Ottawa Citizen

Meet the hackers

Army geeks provoked cyberwar with U.S.

- MALCOLM MOORE

BEIJING In his free time, 30-year-old Wen Xinyu likes to read western philosophy, play Angry Birds on his iPad and listen to Beyond, a rock band from Hong Kong.

But it is his day job that has brought him to the attention of the FBI: Wen, a.k.a. WinXYHappy, is alleged to be a People’s Liberation Army hacker who has stolen reams of trade secrets from some of the largest companies in the United States.

The cyber-espionage claims have led to a diplomatic row with Beijing, which accuses the United States of hypocrisy.

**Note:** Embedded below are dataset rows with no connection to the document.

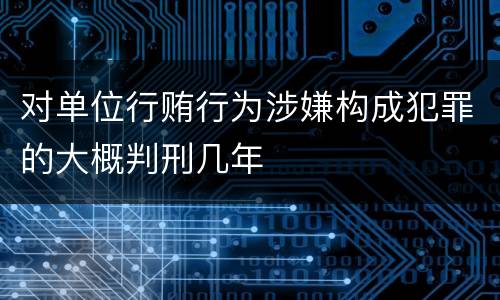 对单位行贿行为涉嫌构成犯罪的大概判刑几年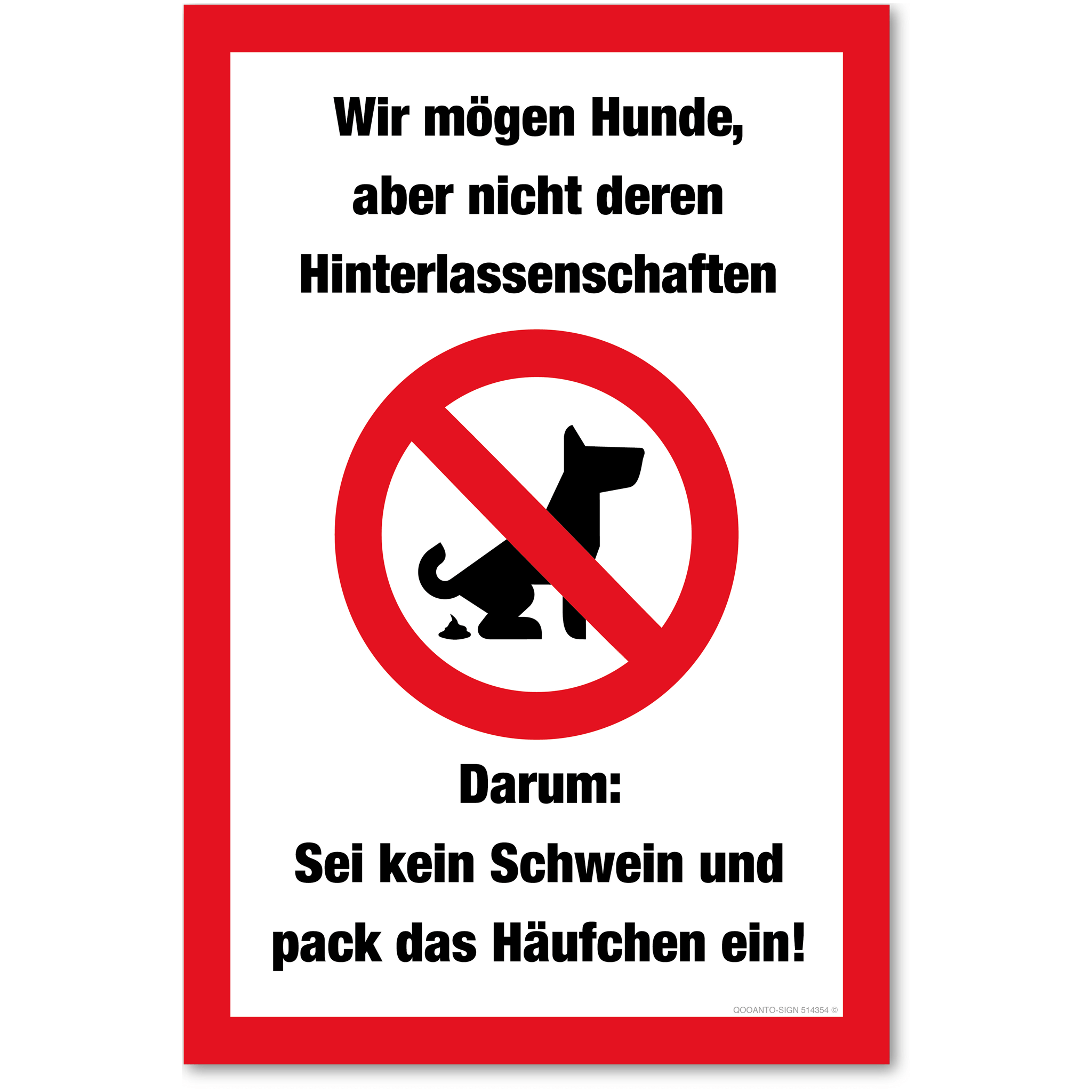 Wir mögen Hunde, aber nicht deren Hinterlassenschaften - Darum: Sei kein Schweiz und pack das Häufchen ein! - Tierschild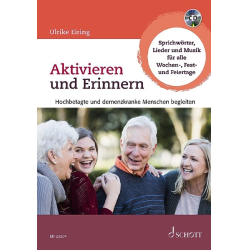         Aktivieren und Erinnern (+CD) Das Praxisbuch für die Begleitung - Ulrike Eiring
    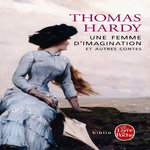 UNE FEMME D'IMAGINATION ET AUTRES CONTES, Hardy Thomas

Since the charges were revealed on Monday, Wen and four others accused of working with him in PLA Unit 61398, a cyber-espionage centre in a Shanghai suburb, have erased their online presence, wiping clean their profiles, blogs and comments.

But the fragments that remain show the cyber-spies to be low-paid geeks who never expected that anyone would pay attention to the hacking forums and gaming groups they frequented.

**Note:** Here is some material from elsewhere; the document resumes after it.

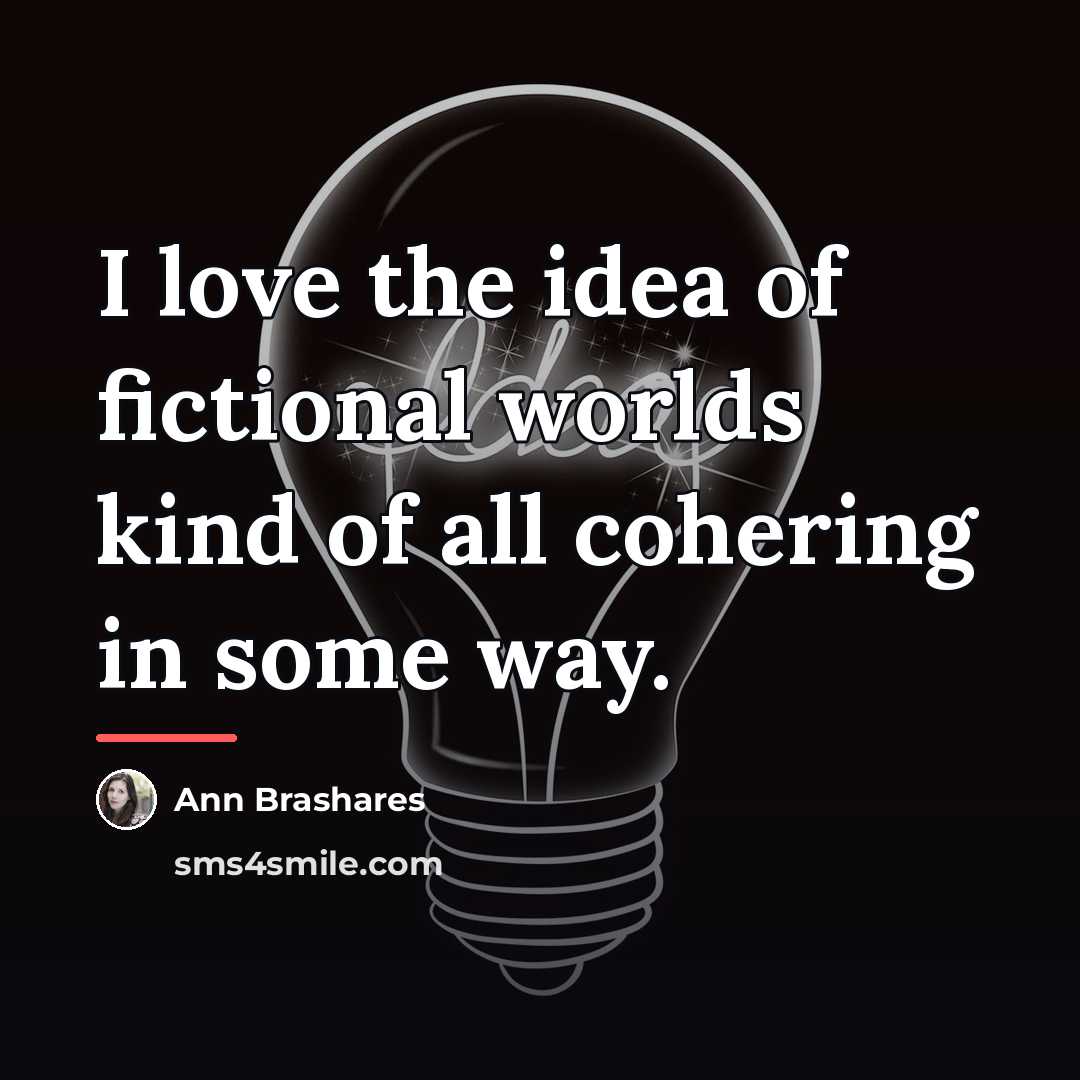 “I love the idea of fictional worlds kind of all…” quote by Ann Brashares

Wen, who appears in one photograph online wearing an orange polo-shirt and celebratin­g his 30th birthday, was by far the most active of the five men, often collaborat­ing with others on programs. His account on Weibo, China’s version of Twitter, indicated that he liked “movies, travel and music.”

On one hacking forum, underneath a post about how to steal login passwords for computers running on Windows, Wen wrote: “Awesome! I happen to need this. Thank you!”

On another site, which offered a hack to download the Angry Birds computer game without buying it through the Apple store, Wen wrote: “It works on my iPad. But when I downloaded Plants vs Zombies for the iPhone it was too small (for the screen of the iPad).”

And at the beginning of this year he appealed for help on writing programs to “monitor, connect, transmit data, save files and disconnect” in WinInet, the Microsoft Windows Internet applicatio­n programmin­g interface.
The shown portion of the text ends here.